Elizabeth of Baden (1779–1826)
Elizabeth of Baden (1779–1826)
German princess and empress of All the Russias. Name variations: Elizabeth Louise; Luisa of Baden; Louise of Baden; Tsarina Elizaveta; Yelizaveta Alekseyevna von Baden. Born Luisa of Baden around 1777 in the Rhine Valley of Germany; daughter of Charles Louis of Padua (b. 1755), prince of Padua and Baden, and Amalie of Hesse-Darmstadt (1754–1832); married Alexander I (1777–1825), tsar of Russia (r. 1801–1825), on October 9, 1793; children: Marie (1799–1800); Elizabeth (1806–1808).

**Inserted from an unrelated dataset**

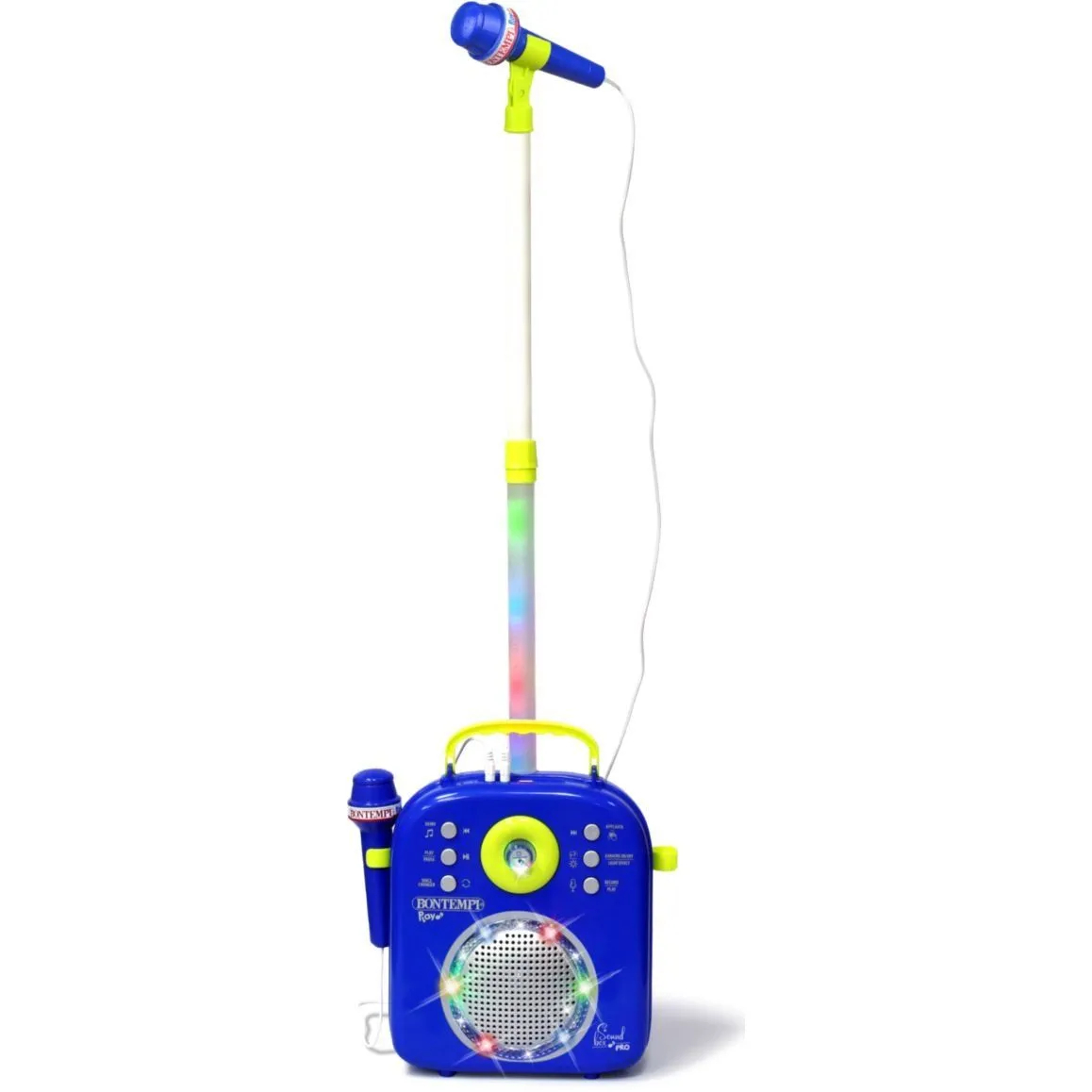 Караоке-саундбокс з 2 мікрофонами для виконання пісень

In 1793, when Alexander I was 16, in 1793, his grandmother Catherine II the Great arranged his marriage to the German princess Luisa of Baden. (Luisa then appropriated the Russian name Elizaveta or Elizabeth.) In 1796, Catherine died unexpectedly, and Alexander's father Paul I then began his short and turbulent rule as tsar (1796–1801). A change in the law of succession was one of Paul's first acts (1797). No longer could nobles and courtiers conspire to determine the next tsar; the first-born male would now automatically become heir apparent. Thus, Alexander I would inherit a position that he longed to forsake. His preference would have been retirement to one of the royal estates with his new wife or life abroad in the German Rhine valley (Eliza-beth of Baden's homeland) where he could continue his studies as an amateur naturalist.

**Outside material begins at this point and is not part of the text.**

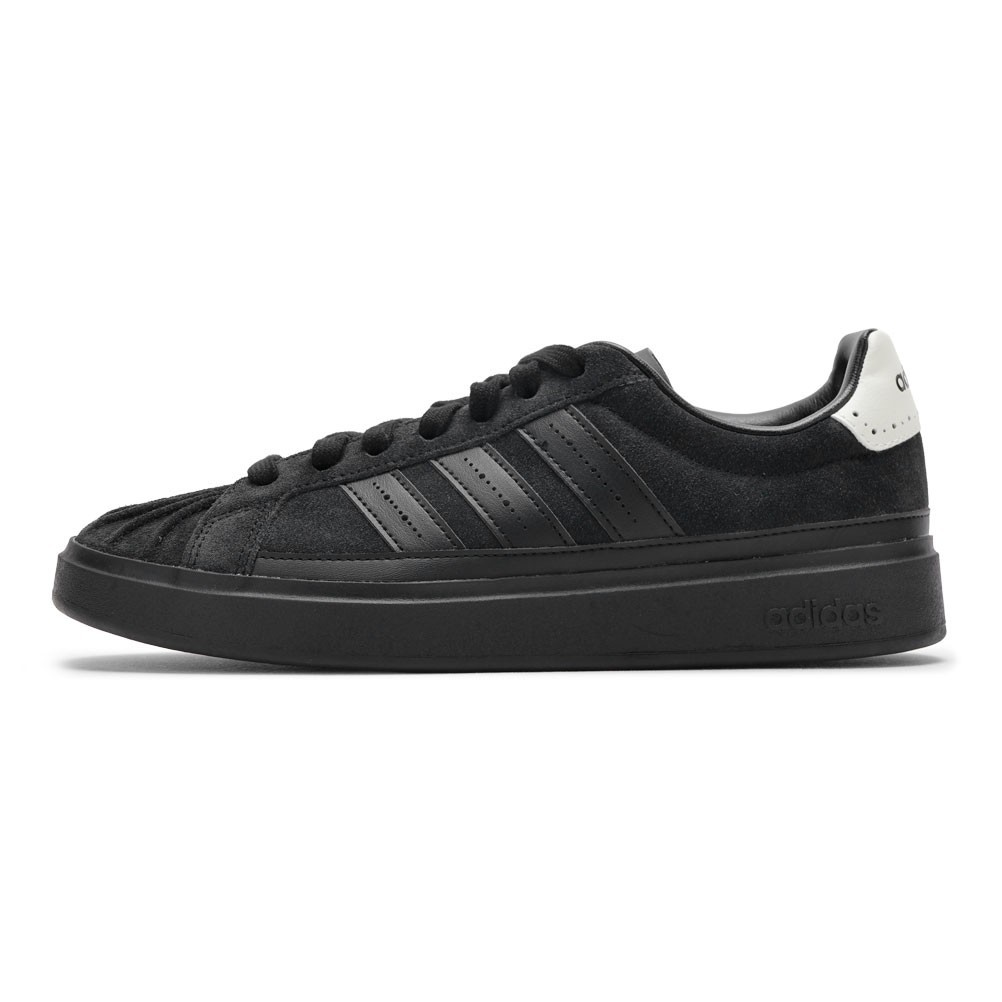adidas アディダス STREETTALK SC ブラック×ブラック メンズ | 靴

Following a successful reign, wherein he defeated Napoleon and attempted to bring constitutional reforms to his country, Alexander died of gastric fever in 1825 while visiting his wife, who was also ill, in remote Taganrob on the Sea of Azov. Since the marriage of Elizabeth of Baden and Alexander produced only two daughters who had died in infancy, by the law of succession Alexander's eldest brother Constantine was next in line for the throne. Constantine, however, abdicated his responsibilities to the next brother in line, Nicholas I.